# [Work request]
Beginning with the line that holds "Сірий Форд Експлорер, об'ємом", copy each line exactly through the end of the entries, but leave the pictures out.

Information provided START

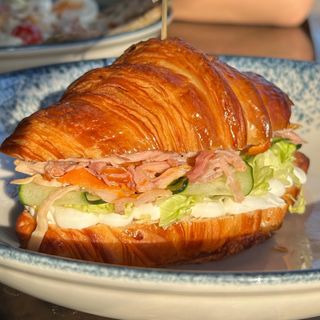 Круассан с индейкой
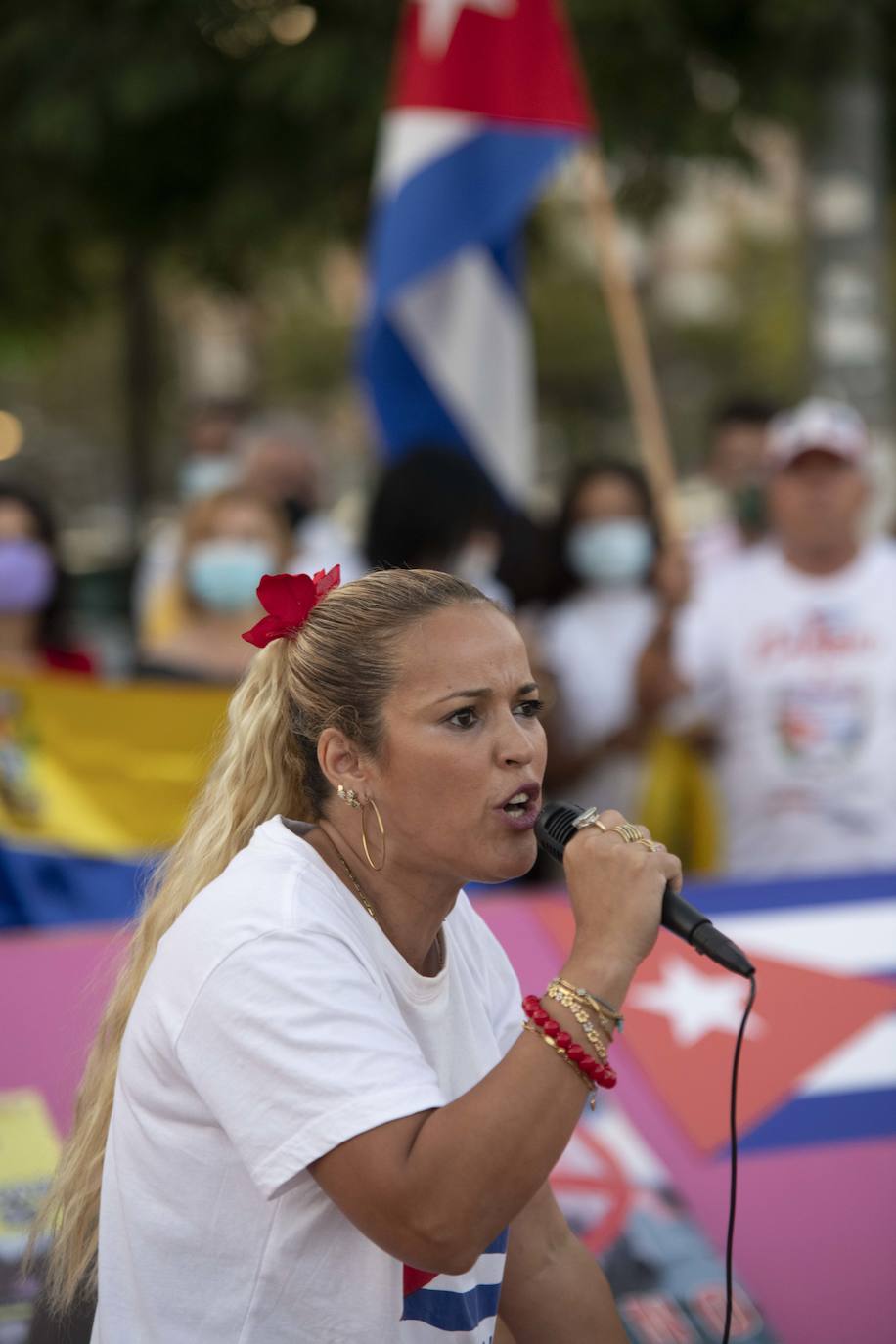 Fotos: Apoyo al pueblo cubano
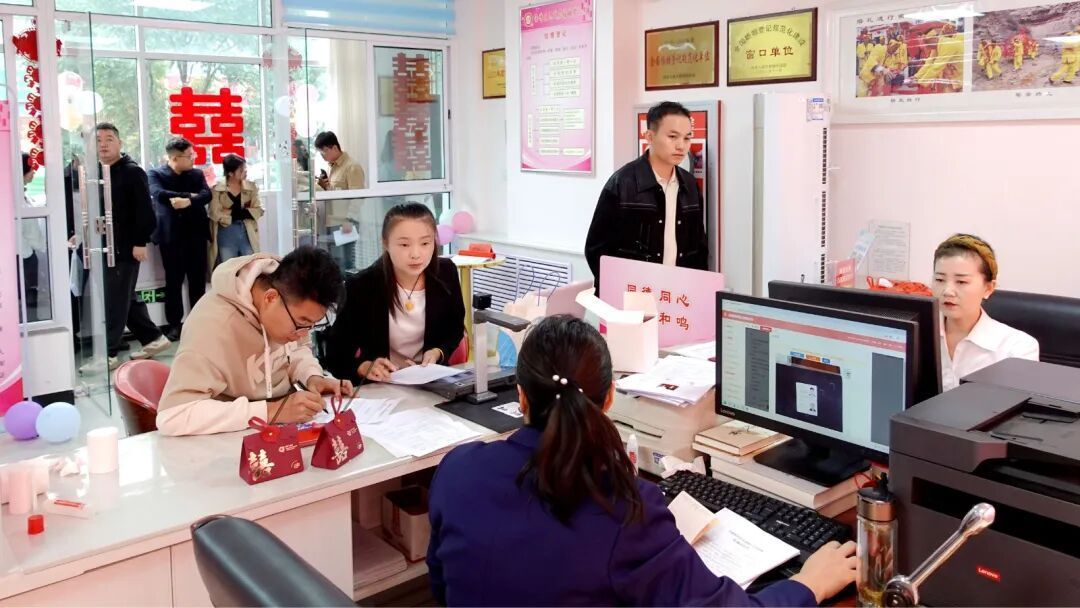 【網(wǎng)絡(luò)中國(guó)節(jié)?七夕】西峰區(qū)舉辦“七夕節(jié)”集體頒證暨文明婚俗倡導(dǎo)活動(dòng)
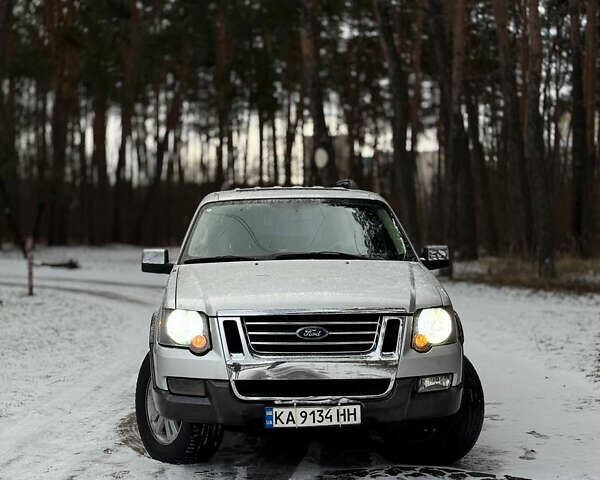 Сірий Форд Експлорер, об'ємом двигуна 4.6 л та пробігом 240 тис. км за 8800 $, фото 1 на Automoto.ua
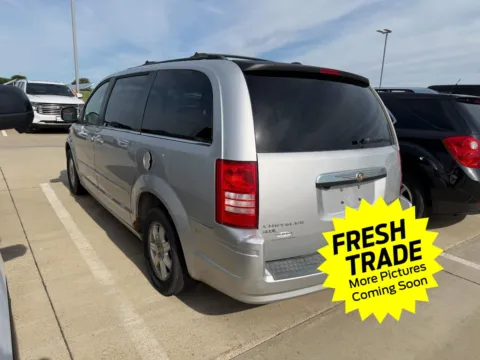 More photos of 2009 Chrysler Town & Country Touring at Mike Molstead Chevrolet, GMC, IA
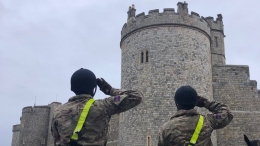 Anggota Kavaleri rumah tangga memberi hormat di seberang Kastil Windsor. bbc.com.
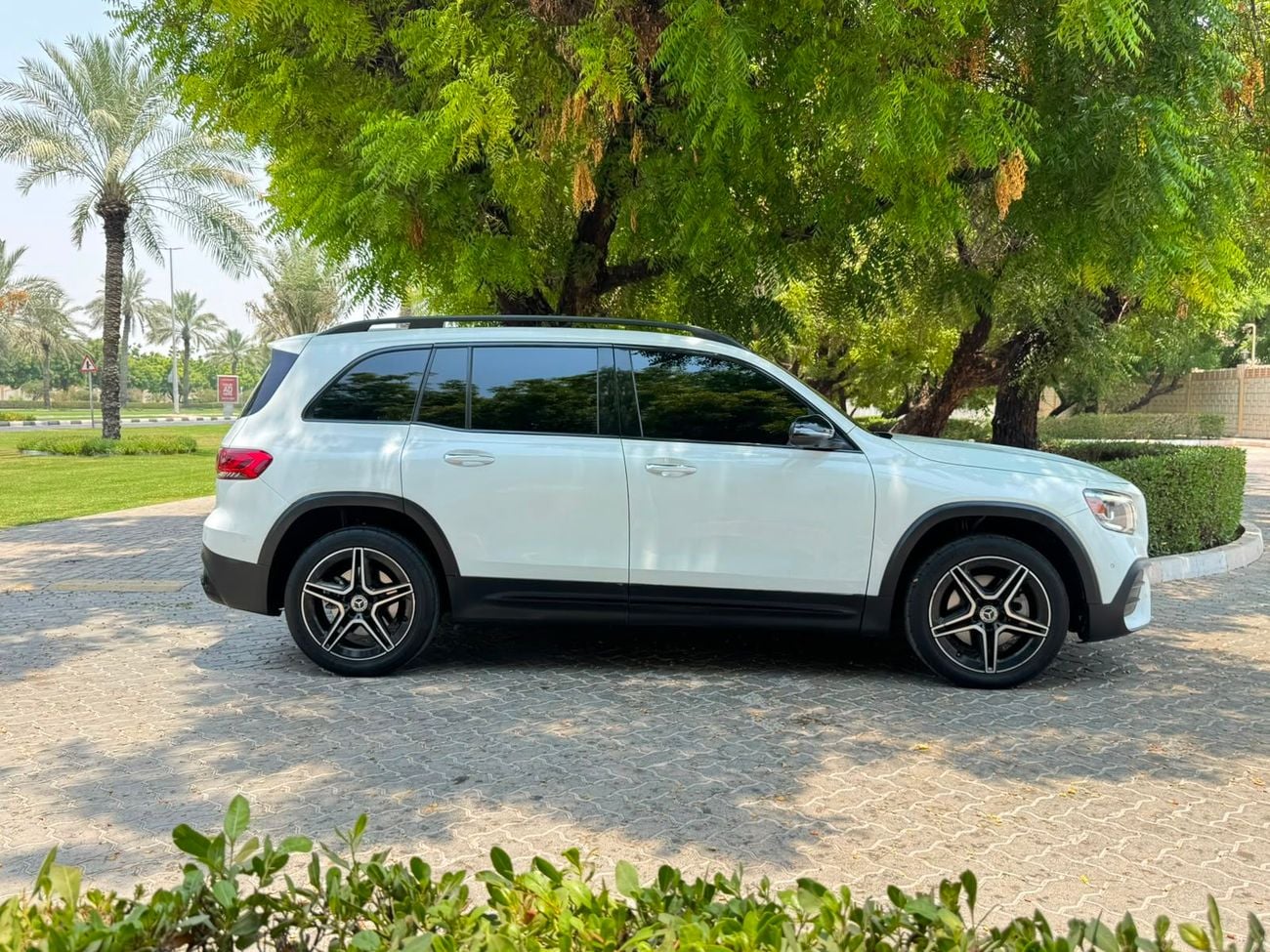 Mercedes Benz GLB250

Information provided END

# [Solved problem]
 Сірий Форд Експлорер, об'ємом двигуна 4.6 л та пробігом 240 тис. км за 8800 $, фото 1 на Automoto.ua
 More photos of 2009 Chrysler Town & Country Touring at Mike Molstead Chevrolet, GMC, IA
 Anggota Kavaleri rumah tangga memberi hormat di seberang Kastil Windsor. bbc.com.
 Mercedes Benz GLB250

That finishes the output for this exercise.